At Wednesday’s University Council meeting, NIU President John La Tourette said summer classes will begin on June 24 and run for six and a half weeks, instead of the usual eight-week session which would have begun on June 15.
This one-year change will place six days of the session on fiscal year 1993’s budget, cutting back FY 92 budget costs.
“My worst fear is if we started on June 15, we would have a $394,000 problem in the last minute of the fiscal year,” La Tourette said.
University Council Executive Secretary J. Carroll Moody said the six days faculty members do not teach will save NIU a “tremendous amount of money.”
However, in order to teach students the same amount of time, classes that meet four times a week will meet 20 minutes longer this summer.
Physics Department Chairman Richard Preston said he believes the increased class time will put more strain on students. “It’s going to be harder on them,” he said.
Because the physics department also teaches two four-week summer classes, the crunched class time will make it difficult for students, he said.
Faculty members should be allowed to volunteer to teach the regular schedule and receive the same amount of payment, Preston said.
At the UC meeting, La Tourette said some exceptions might be made, but contracts cannot be issued for June 24 if faculty begins teaching on June 15. “We can’t operate that way,” La Tourette said.
“I’m sorry, you could if you wanted to,” Preston said.
La Tourette recommended Preston speak with Legal Counsel George Shur. Shur was unavailable for comment.
“I’m afraid you’ve got the tail wagging the dog here,” Preston said. “When can we see the legal counsel and talk?”

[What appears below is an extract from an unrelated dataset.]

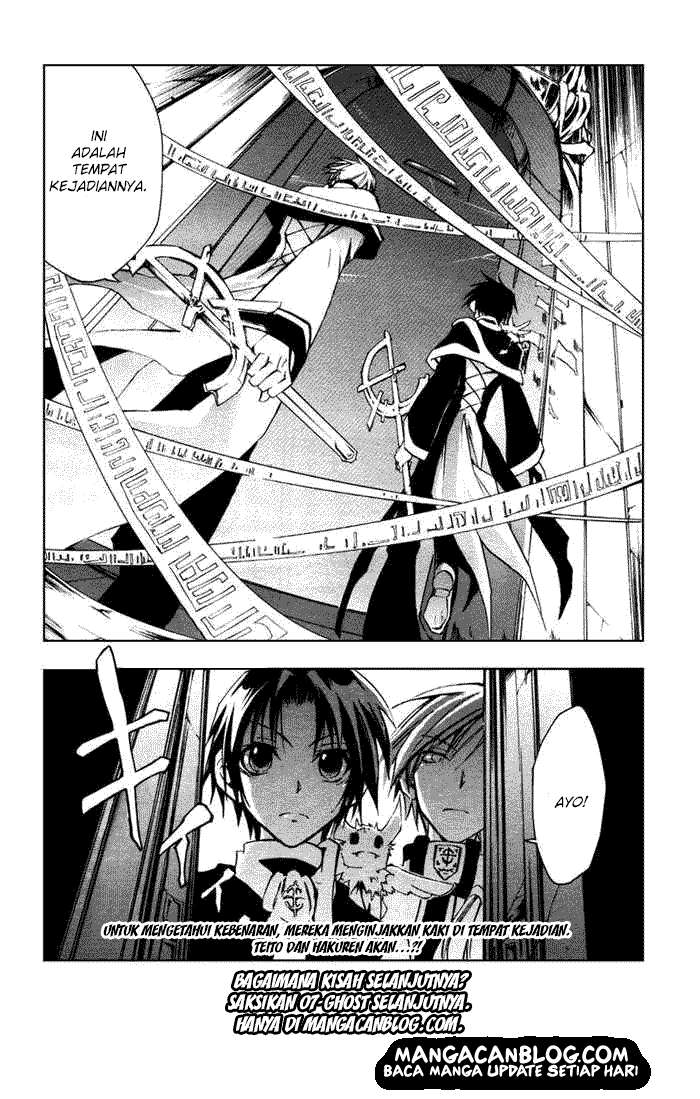 07-Ghost Chapter 15 - halaman 34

Provost Kendall Baker said he would “be happy to” look at the issues Preston raised, and added that some exceptions might be made.
Computer Science Department Chairman Rodney Angotti said he applauds the decision La Tourette made, but his program will be affected negatively because of the new plan and recent budget cuts.
Computer science classes will suffer “tremendous” instructional problems, he said, adding that science and technology courses will have the most problems.
“Students will be forced to understand more things at one time,” he said. “They won’t get the chance to go out and do things (between class meetings),” he said.
The computer science department has a limited admission program and students depend on the summer classes to get the classes they need, Angotti said.
“Any change in summer school causes major problems,” he said. “We’ve got to sit down at our department and try to figure out what we’re going to do about this.”